# Judo America



## Stickboxer (May 3, 2002)

Anyone familiar with this group? They have a school in Iowa, one of California, and one in New York. I'm debating about starting with one then, in a year, moving and sticking with it (if I like it) in another state. Should I?


----------



## jeffbeish (May 24, 2002)

Not sure if the Judo America you ask about is the same, but back in the 1970's Rick Mertens, George Emert, others and me started up Judo America and it just petered out after a year -- or so I thought. Maybe it sprang back to life. Where do you find information about this organization? I could be the one we started or a new one. 
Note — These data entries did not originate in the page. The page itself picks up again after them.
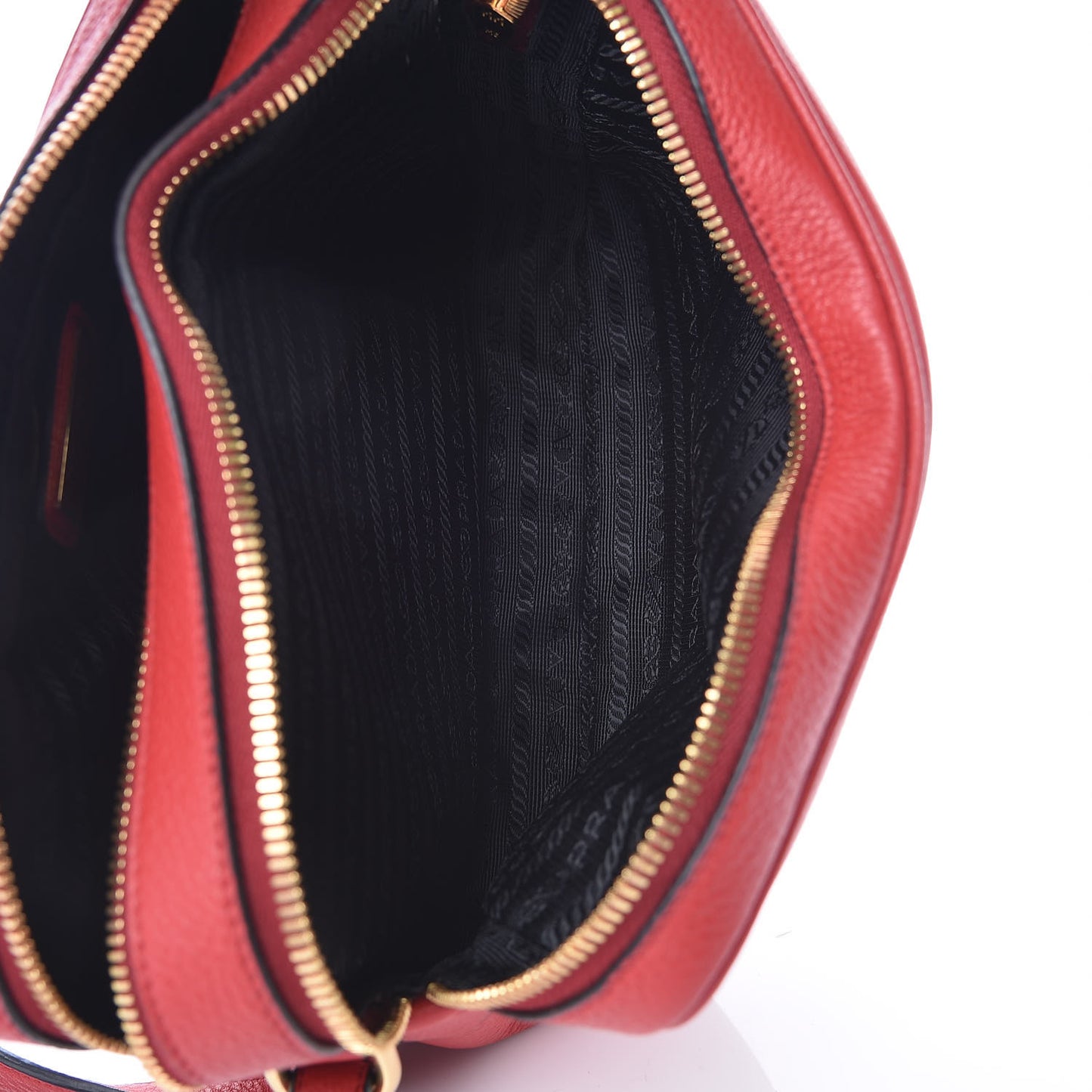 Vitello Daino Medium Double Zip Shoulder Bag Rosso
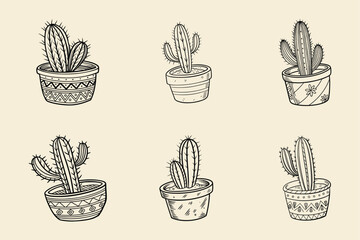 
Charming Hand-Drawn Cactus Illustrations in Decorative Pot.
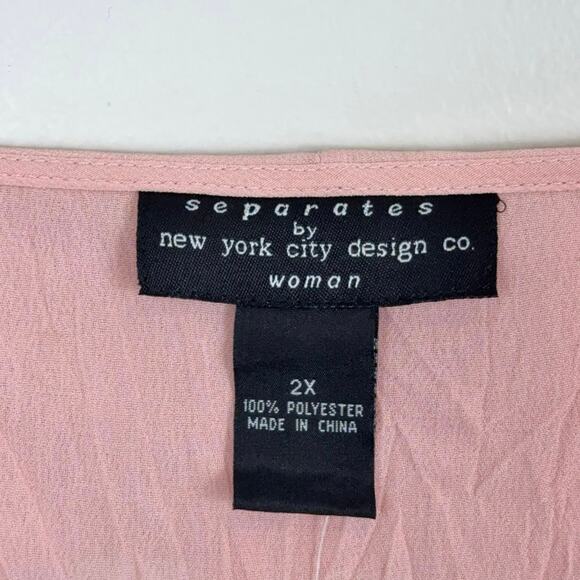 New York City Design Co Separates Crinkle Crepe Blouse Women’s Sz 2X NWT PINK - Picture 3 of 12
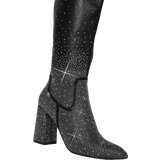 38 ½ - Høj hæl Støvler Shein Rhinestone Decor Side Zipper Chunky Boots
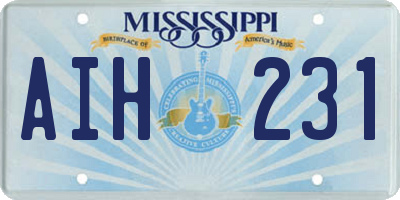 MS license plate AIH231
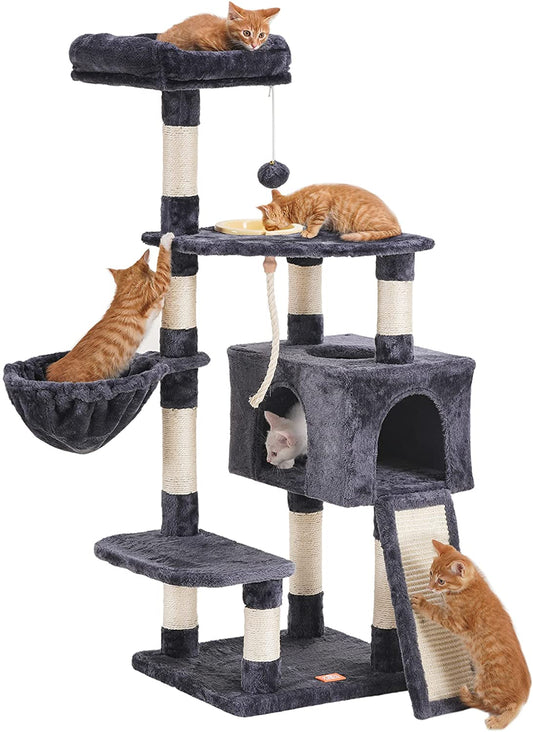 Cat Tower for Indoor Cats with Scratching Board, Multi-Level Cat Furniture Condo with Feeding Bowl Light Gray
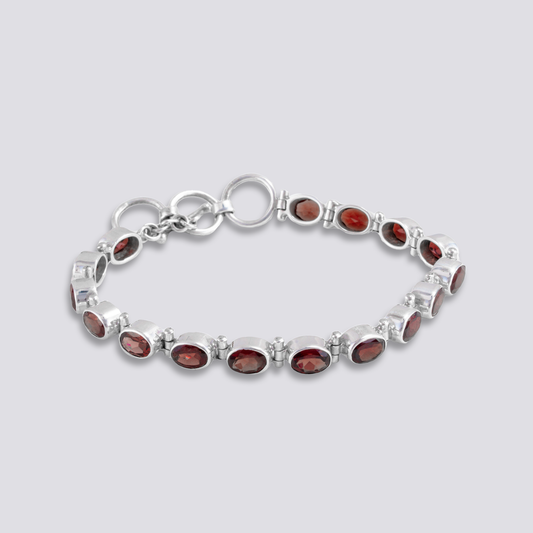 Sterling silver bracelet with red garnet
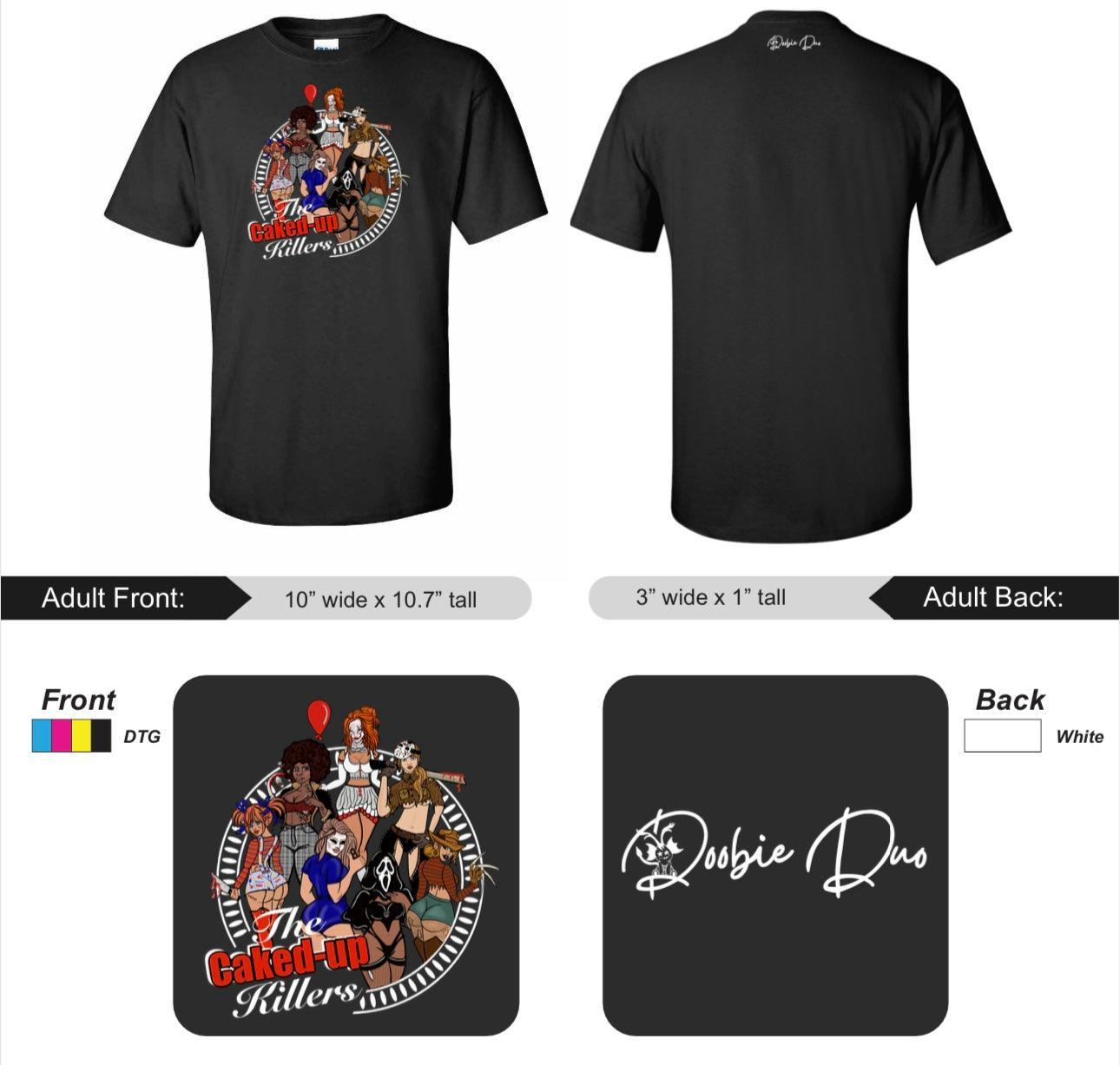 Caked Up Killers Limited Edition Cotton Black T-Shirts with Original Art DTG Prints - Doobie Duo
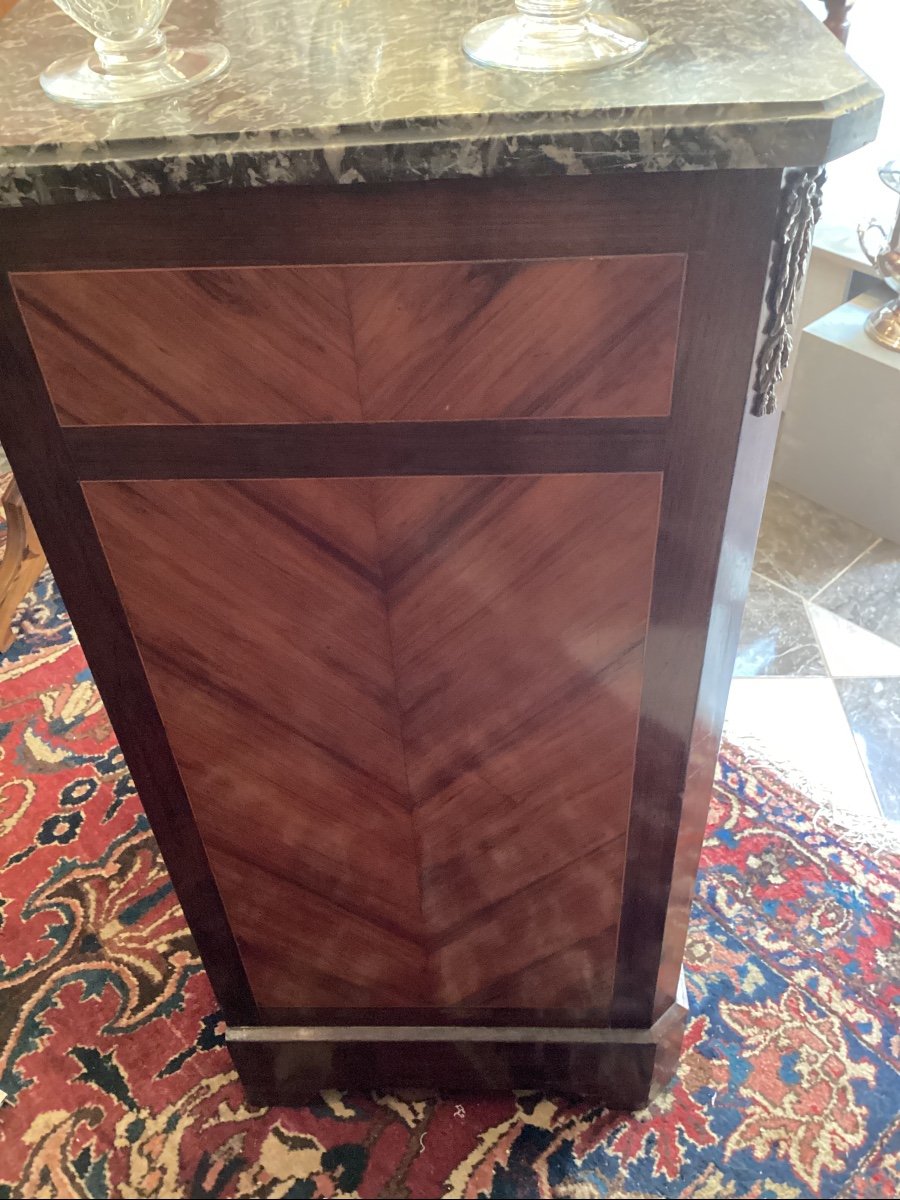 Small Marquetry Cabinet, Late 18th Century, Louis XVI Style, 4 Drawers, Grey Saint-anne Marble-photo-2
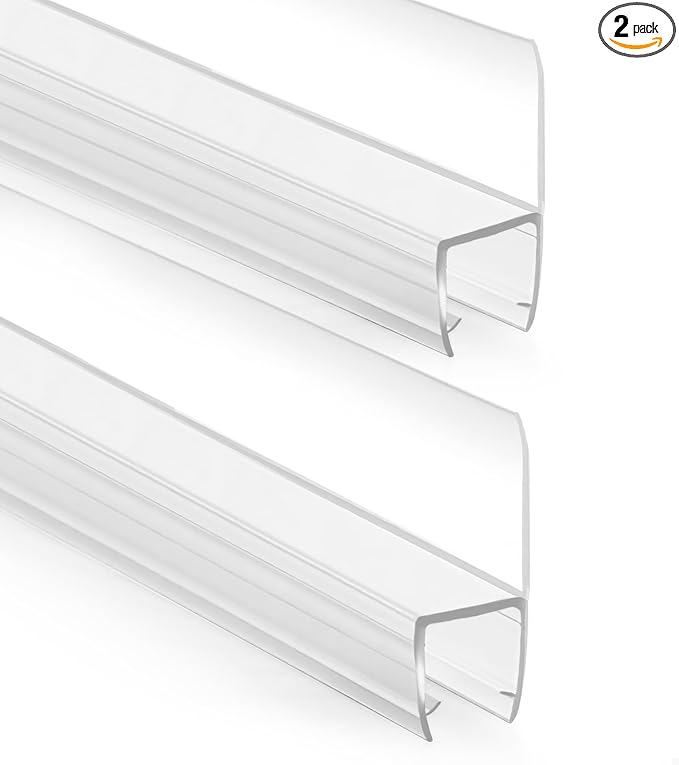 Bathroom Shower Door Seal Strip, 2PCS 78 Inch Shower Door Side Seal Strips, PVC Transparent Shower Door Seal Strip for 3/8"(10MM) Frameless Shower Door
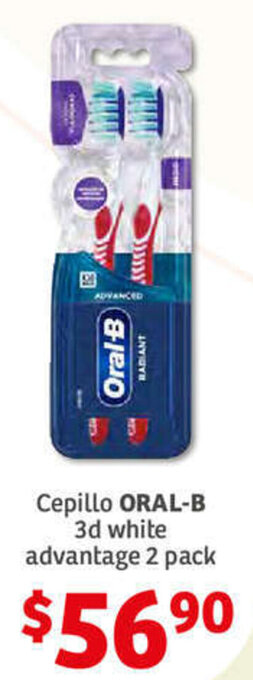 Soriana Híper Cepillo Oral-B 3d White Advantage 2 Pack oferta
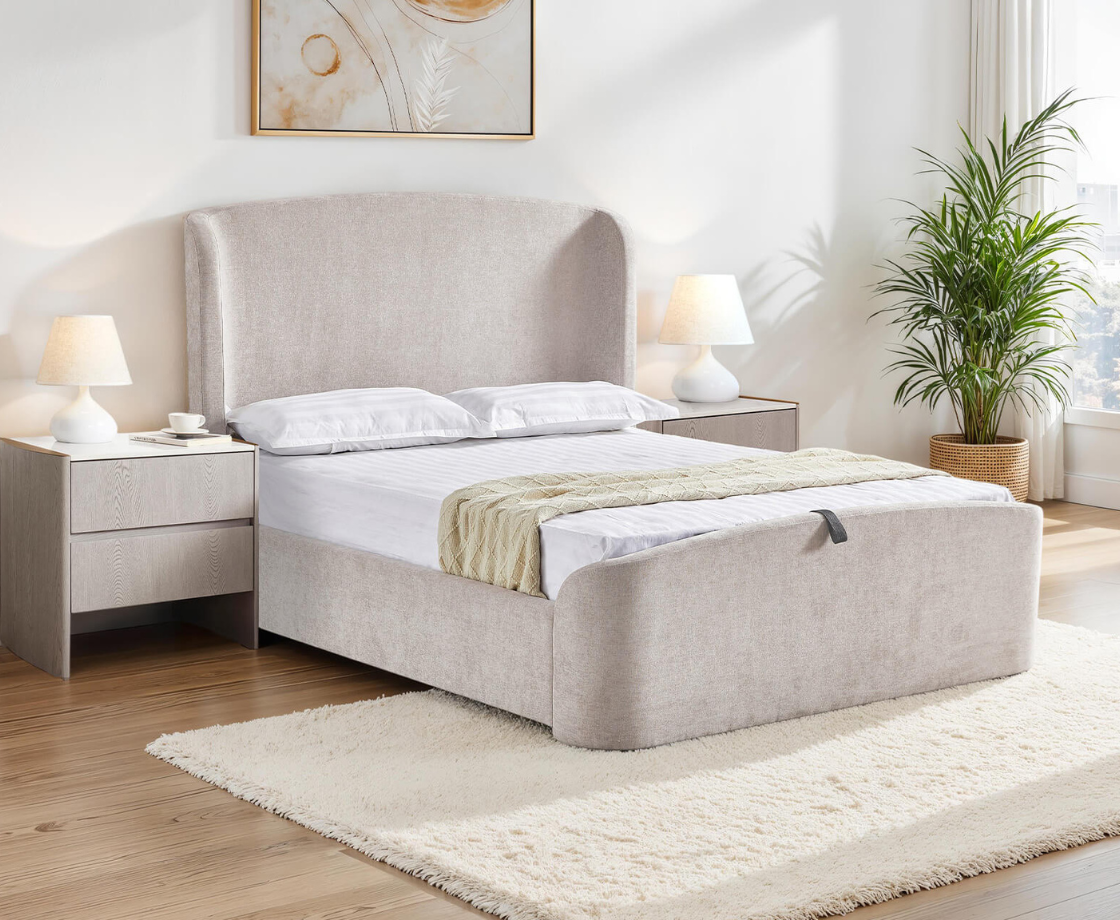 Blinne 4ft6 Ottoman Bed - Cream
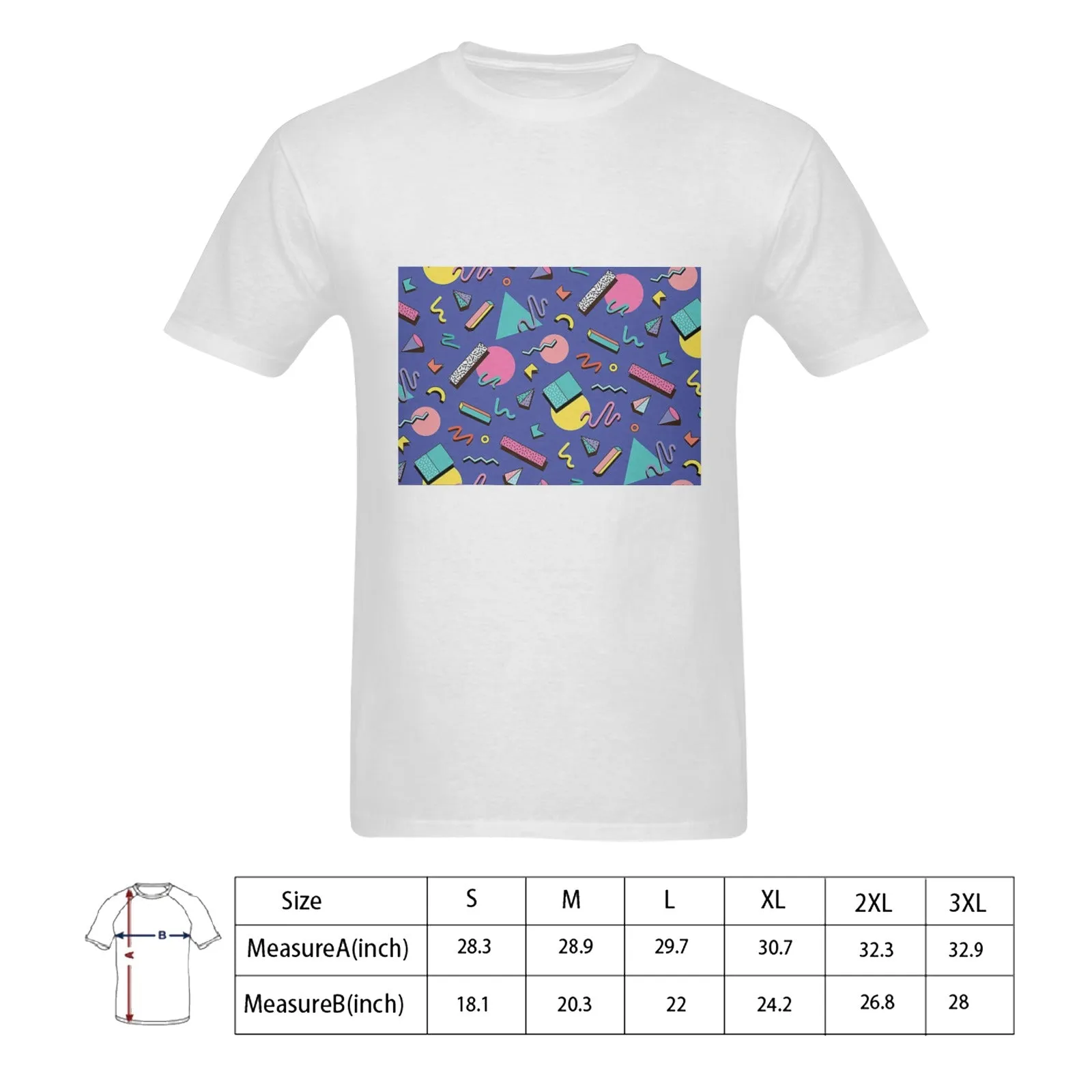 90s Purple Design Men's T-shirt 100% Cotton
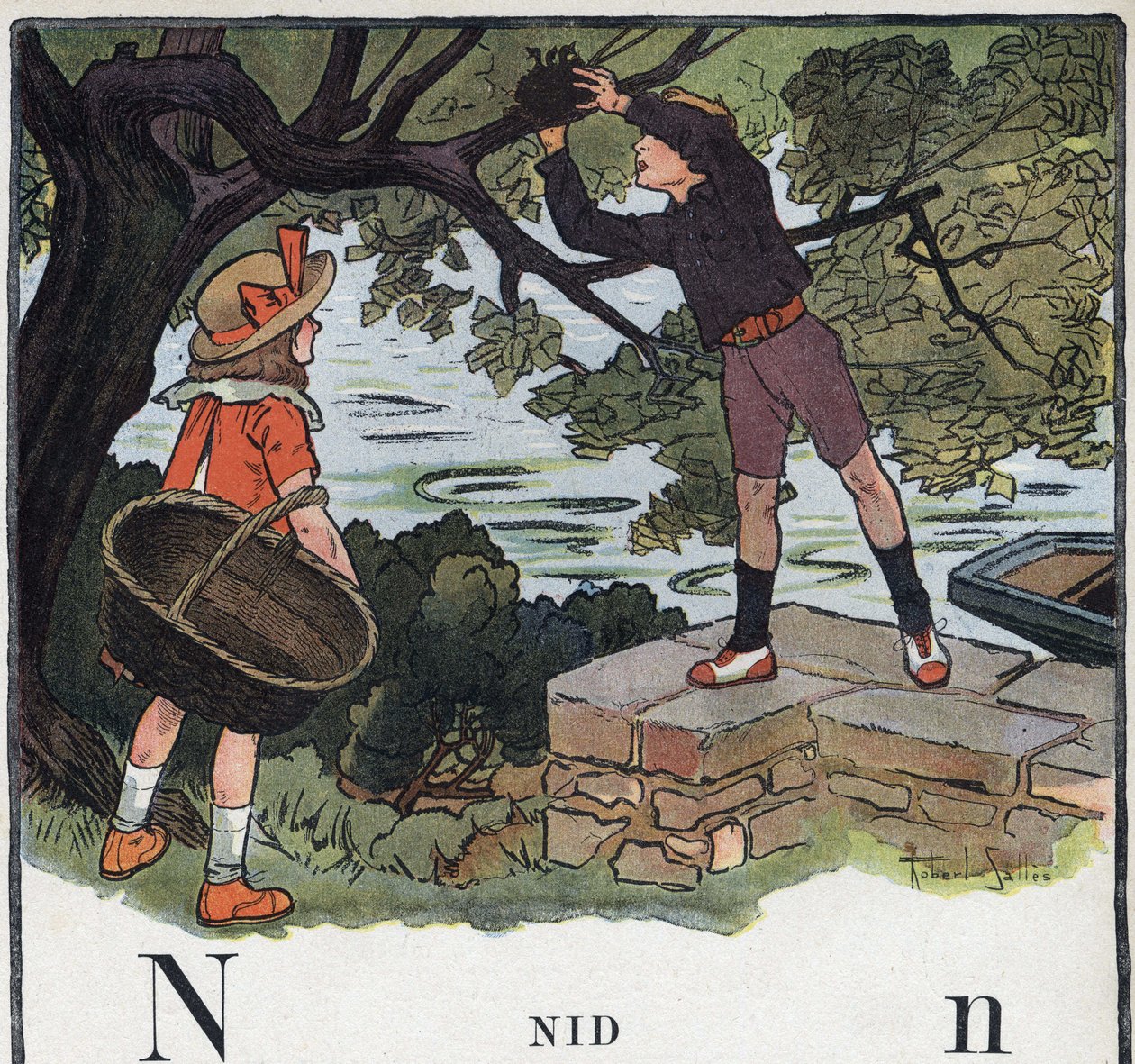 Børnebog "" Jeg vil læse - Metodisk og sjovt alfabet af en far""" 1926. Illustration af Robert Salles (1871-1929). Abecedary: bogstavet N som Nest. En dreng tager en rede bygget på et træ. af Robert Salles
Back then a lot of "Judo politics" was going around and Rick and others, including me, were there in the first days of the AFJA, then USJA later on. The politics grew and we just stopped participating in it.


----------



## Stickboxer (May 24, 2002)

Nope, different group. Here's their link:

http://www.judoamerica.com/


----------



## jeffbeish (May 25, 2002)

Hum.  Now I know where I went wrong: it was "Judo for America."  Brian matter getting old as is most obvious to the most causal of observers  

Hey, I am retired and can drive slow in the left lane


----------



## Judo_Kid (May 31, 2002)

Its up to you..
Well i really like My school at my Judo school. its fun, but i  get tired of lifting them.


----------